L’intento di Silvia e Paola Scola: “Parla di cose serie, facendo ridere”

“Ridendo e scherzando” rappresenta qualcosa di veramente unico e assolutamente imperdibile, dato che è stato girato dalle figlie del maestro, quindi da persone che lo conoscevano a fondo. Il documentario è una sorta di amarcord della sua carriera, un viaggio che parte dal 1964 e va avanti per 50 anni, attraversando il meglio della storia del nostro cinema, regalandoci pellicole cult e immortali come “C’eravamo tanto amati”(1974), “Brutti, sporchi e cattivi”(1976), “Una giornata particolare”(1977), “La terrazza”(1980), “La famiglia”(1987) e “Che ora è”(1989). E’ un ritratto artistico e umano di Scola, realizzato con materiali di repertorio, clip tratte dai suoi capolavori, immagini dei backstage, foto di famiglia e interviste realizzate dal maestro, senza, però, mai ricorrere a testimonianze di altre persone. L’unico "estraneo" ammesso alla corte di Scola è stato Pif, che nel documentario, è con il maestro nel Cinema dei Piccoli a Villa Borghese, e lo intervista con la sua godibile e irriverente ironia.
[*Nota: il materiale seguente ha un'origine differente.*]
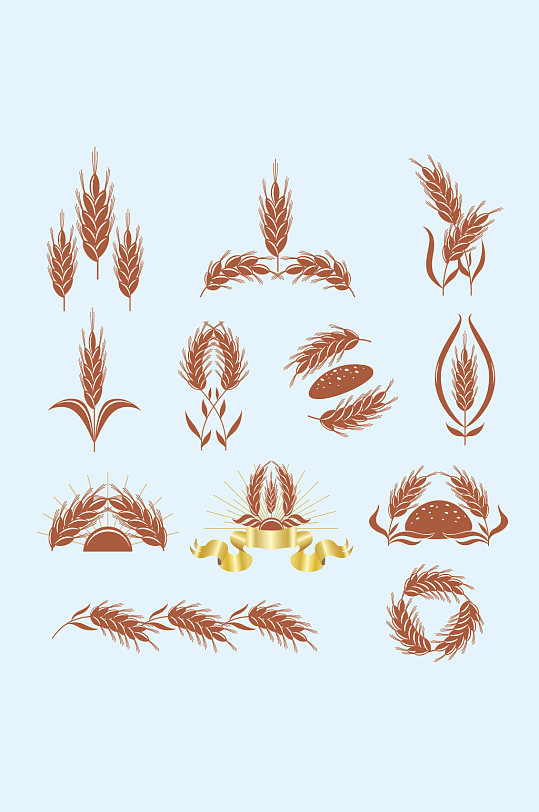 麦穗矢量图图片-麦穗矢量图设计素材-麦穗矢量图模板下载-众图网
Le figlie hanno dichiarato di aver voluto parlare di cose serie ed autentiche, facendo ridere, proprio come faceva il padre col suo cinema:

L'intento è stato quello di fare un documentario da ridere. Raccontare Ettore Scola – regista, sceneggiatore, disegnatore, umorista, intellettuale, militante – cercando di usare la sua chiave, quella del suo cinema: parlare cioè di cose serie senza farsene accorgere, facendo ridere. Abbiamo voluto raccontare nostro padre unicamente attraverso le interviste che ha rilasciato nel corso della sua vita, i brani dei suoi film, e quello che ci ha voluto dire ‘dal vivo', senza dover ricorrere mai a interviste ad altri che parlino di lui. Una sorta di auto-racconto, che lui mai avrebbe fatto dati la sua timidezza, il pudore e il disagio a parlare di sé, ma che abbiamo potuto fare noi che lo conosciamo abbastanza da poterlo sia celebrare che prendere un po' in giro. A fronteggiarlo al posto nostro c'è un giovane attore e regista, Pierfancesco Diliberto, Pif, che lo accompagna nel percorso che abbiamo tracciato per raccontarlo: un nostro alter ego che a seconda delle necessità fa da intervistatore, narratore, lettore, agiografo, guida, spalla… e all'occorrenza, anche da badante.

Pif: “Sarebbe stato bello se lo avessi conosciuto prima, in piena attività”

Naturalmente, per Pif è stata un’emozione enorme e senza precedenti poter intervistare un pilastro del cinema italiano. Il conduttore, attore e regista de “La mafia uccide solo d’estate”, pluripremiato gioiellino del 2013, ha, infatti, dichiarato:

Quando lo sentivo parlare, ogni tanto, pensavo a quanto sarebbe stato bello se lo avessi conosciuto prima, in piena attività. Io non ho solo una ovvia stima professionale per Scola, ma anche umana. Penso che appartenga ad una generazione che ha fatto resistenza a tutto lo schifo che questo paese abbia mai prodotto. E, quindi, in qualche modo ci abbia salvato. E in più, lo ha fatto col sorriso, come solo i cazzari veri sanno fare. Di quelli che quando li vedi pensi: meno male che almeno ci sono loro, meno male che c’è qualcuno che mi rappresenta. Nel mio piccolo, con tutti i miei limiti intellettuali, vorrei continuare idealmente il loro lavoro.